Le dernier livre de Luc Ferry vient opportunément répondre aux questions que se posent les français sur l’écologie politique, après la conquête de plusieurs grandes villes de France par la « vague verte ». Le philosophe dépasse le clivage traditionnel entre deeps (révolutionnaires) et shallows (réformistes), en distinguant sept courants au sein du mouvement écologiste. Le premier réunit les collapsologues ou effondristes, qui prédisent une fin du monde imminente. Le second baptisé alarmiste révolutionnaire prône une décroissance économique et un retour à la low tech.
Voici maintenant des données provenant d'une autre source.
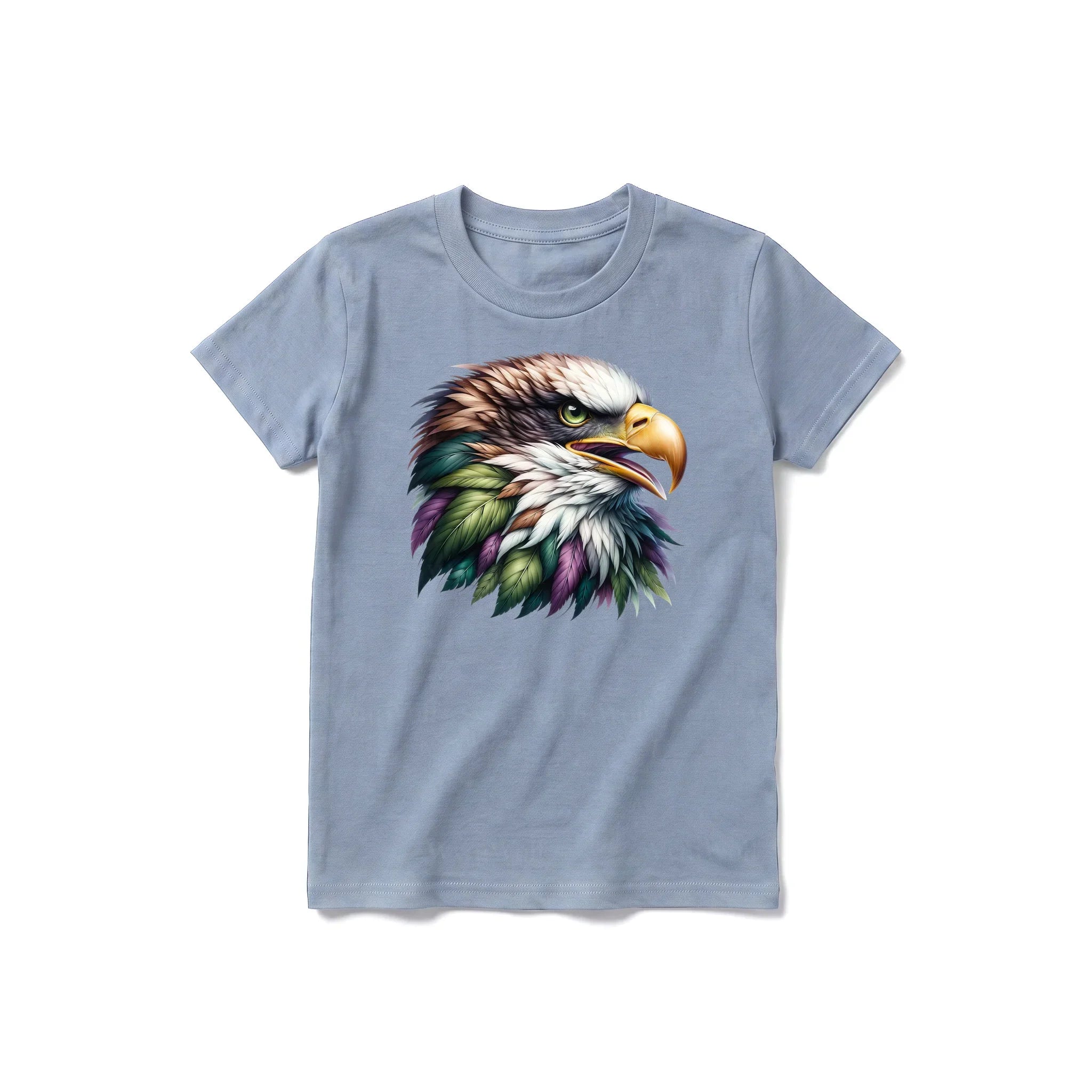 A steel-blue short-sleeve crewneck t-shirt for youth featuring a graphic of a wildlife animal on the front.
Le troisième est également alarmiste mais plutôt réformiste, en défendant un développement durable et responsable. Les trois autres courants sont plus ciblés. Ils recouvrent les décoloniaux qui abattent les statues des conquistadores, les écoféministes, qui luttent contre l’oppression des femmes et de la nature, et les veganes, qui militent notamment contre la souffrance animale. Luc Ferry affiche sa préférence pour un écomodernisme, basé sur l’économie circulaire et le recyclage. Il semble considérer que l’innovation technologique et l’économie de marché ne sont pas incompatibles avec la préservation du genre humain et de la planète. Mais il s’oppose à la « modernité productiviste et technicienne ». L’ouvrage a le mérite de démontrer que l’écologie comble le vide laissé par les effondrements du communisme et de la religion. Il soulève, dans un style clair, érudit et élégant, les questionnements à la fois idéologiques, technologiques et politiques, qui animent actuellement – dans une certaine confusion – les débats entre les partis politiques.

Luc Ferry est philosophe, ancien ministre et auteur à succès.

 

Lire aussi : Chronique des livres de janvier 2021

 

Christophe Guilly, No-society, Flammarion (réédition).
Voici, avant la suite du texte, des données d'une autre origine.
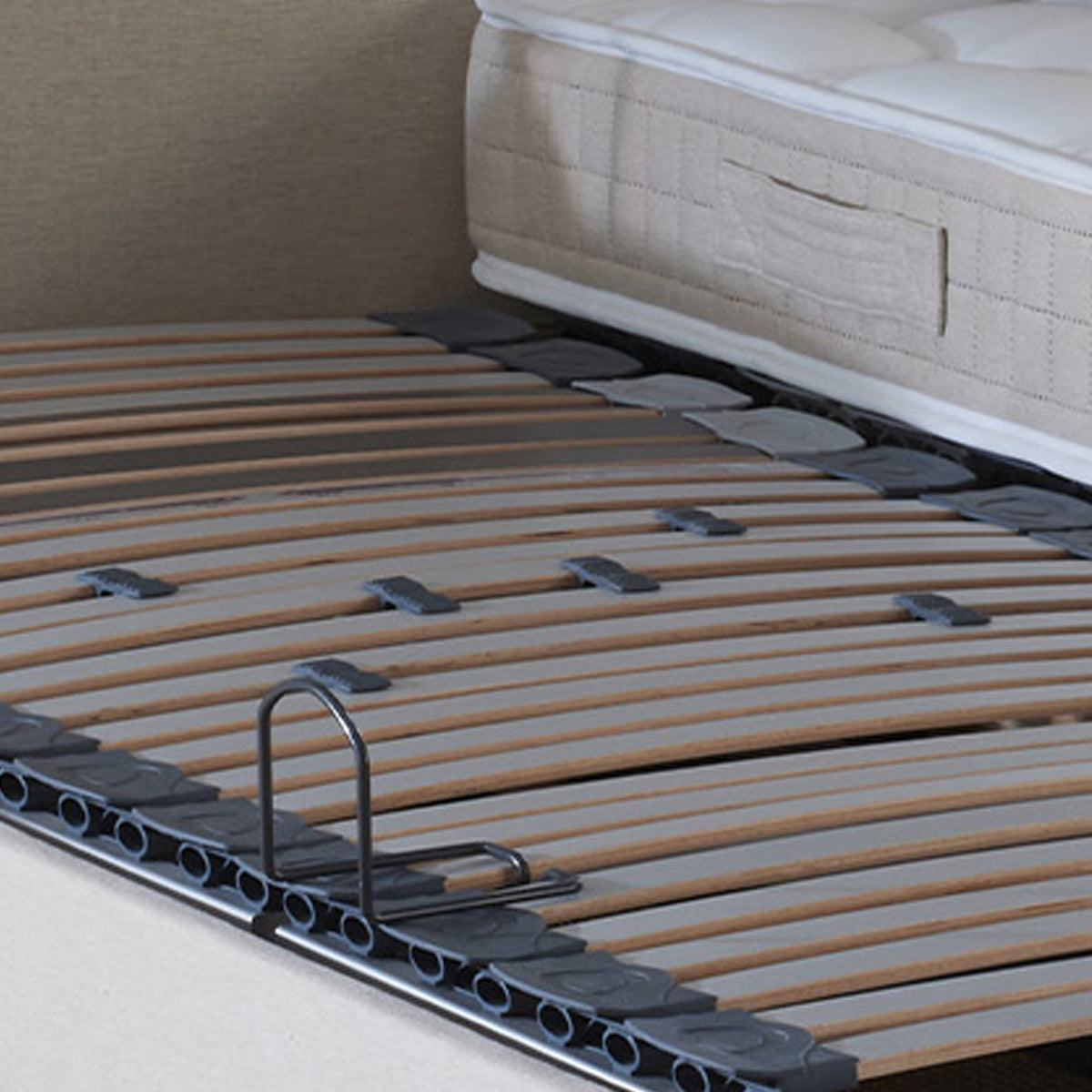 Lot de 2 lits électriques de relaxation multi lattes lisse Gris 2x80 x 200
L’auteur montre que depuis les années 1980, les classes moyennes disparaissent progressivement dans la plupart des pays occidentaux. De « nouveaux clivages sociaux, culturels et territoriaux » se substituent à l’ordre ancien, marqué par la coexistence de classes dominantes, intermédiaires et populaires. Les élites du « 1 % supérieur » font désormais face à des mouvements populistes plus ou moins récupérés par les partis politiques extrémistes. Les premiers sortent des meilleures écoles et universités tandis que les seconds enchaînent les formations plus ou moins qualifiantes. Les premiers se réclament d’un certain multiculturalisme, tandis que les seconds se communautarisent. Les premiers résident au cœur des métropoles tandis que les seconds peuplent les banlieues. L’immobilier des grandes villes s’apprécie tandis que celui des périphéries se déprécie. Les revenus des premiers s’envolent tandis que les salaires des seconds stagnent ou régressent. Le territoire se « citadélise et s’ethnicise ». Les politiques de redistribution et de « mixisation sociale» ne parviennent pas à réduire la fracture sociale.

L’auteur constate que les discours politiques et les études économiques s’efforcent de masquer cette réalité en soulignant la vigueur de l‘innovation, la résilience de la croissance, le recul du chômage… , tout en occultant la dégradation des niveaux de vie, le creusement des dettes, la flexibilisation des emplois… Il retrace les étapes de la précarisation des classes moyennes et populaires : les ouvriers (frappés par la désindustrialisation), les employés (par la digitalisation), les cadres (par la mondialisation), les jeunes et bientôt, les retraités.

Christophe Guilly conclut en prédisant le passage irrémédiable de « la société et l’a-société ».

 

Laurent Izard, À la sueur de ton front, Éditions L’Artilleur, 428 pages.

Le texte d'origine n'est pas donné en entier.